C’est pour cette mission que la ministre sortante du travail, Elisabeth Borne, vient d’être désignée Premier ministre. «Elle sera la proviseure en chef du pays, s’amuse un ex-conseiller de l’ancien président François Hollande. Elle incarne le sérieux étatique. Avec elle, plus question de rigoler. Elle est là pour défendre Macron». Une cheffe du gouvernement qui prend des risques puisqu'elle se présente aux législatives les 12 et 19 juin dans le département du Calvados. Sa défaite signerait sans doute son départ illico de Matignon.

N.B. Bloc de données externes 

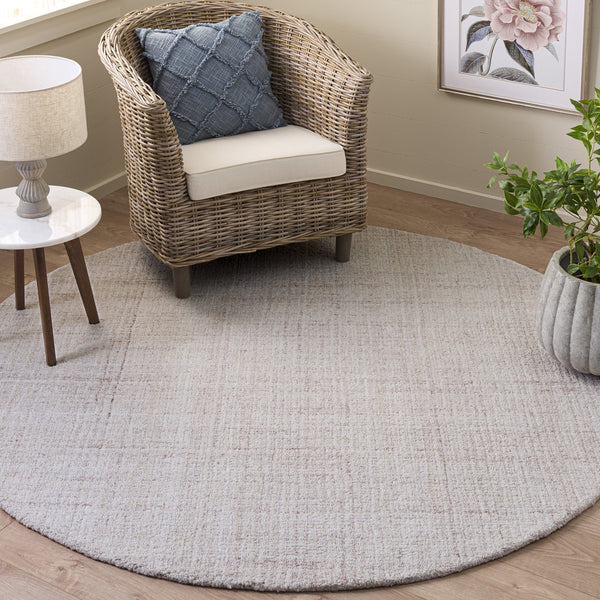 Safavieh Renewal Hand‑Tufted Blush Pink Round Rug — Soft Polyester Pile, Minimalist Modern Accent For Living Spaces 6'-0" x 6'-0" RNW254U-6R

Les listes de ministres circulent
Les premières listes de ministres qui ont commencé à circuler confirment le pronostic de «sérieux étatique». L’annonce du nouveau gouvernement français doit intervenir dans les prochaines heures. Au menu? Des ministres experts dans leur domaine, comme l’eurodéputé Pascal Canfin, autrefois membre des Verts et spécialiste de l’implication financière de la lutte contre le réchauffement climatique: il serait nommé en charge de la planification énergétique.
Autre exemple pour le poste crucial du budget, qui serait confié à l’actuel secrétaire d’Etat chargé des Affaires européennes Clément Beaune, très proche du Chef de l’Etat. Le poste de ministre des Affaires étrangères pourrait revenir à la vice-gouverneure de la Banque de France Sylvie Goulard, qu’Emmanuel Macron avait proposée en vain en 2019 comme Commissaire européenne…
Un savant équilibre
Oubliée, la main tendue vers la province avec le pyrénéen Jean Castex, maire d’une petite ville des Pyrénées avant d’accéder à la tête du gouvernement, dont il a démissionné lundi. Oubliées, les personnalités «vedettes» comme le ministre sortant de la justice Éric Dupond-Moretti, ou la très médiatique ministre de la Culture Roselyne Bachelot? À priori, oui.
L’objectif de ce premier gouvernement de l’ère Macron II est, d’abord, de faire en sorte que toutes les facettes de la coalition présidentielle française «Ensemble» soient satisfaites. D’où un savant équilibre entre personnalités issues de la droite et de la gauche modérées.
L’entrée au gouvernement du gaulliste Renaud Muselier, président de la Région Provence-Alpes-Cote d’Azur, serait de ce point de vue symbolique car il a battu sur son territoire les forces d’extrême-droite. Une personnalité de la société civile pourrait en revanche faire son entrée: l’intellectuelle Rachel Kahn, autrice de «Racée», un essai qui s’attaque à la pensée décoloniale.
Le «bon soldat» Elisabeth Borne
Pour faire survivre les promesses de son premier mandat, Emmanuel Macron aurait insisté pour conserver un ministère dédié à la «transformation» du pays. Mais pour l’heure, place au réalisme: ce premier gouvernement ne compterait qu’une vingtaine de ministres, contre une quarantaine de sortants.
La réforme la plus symbolique du second quinquennat, celle du régime des retraites, serait directement prise en charge par Elisabeth Borne qui, en tant que ministre des transports puis du travail, a tenu bon face aux syndicats.
Le leader de la gauche, Jean-Luc Mélenchon, l’accuse déjà de préparer une «grande braderie sociale». Ceux qui la connaissent retiennent surtout son côté «bon soldat». Une femme de fer, en somme, au service… Du président.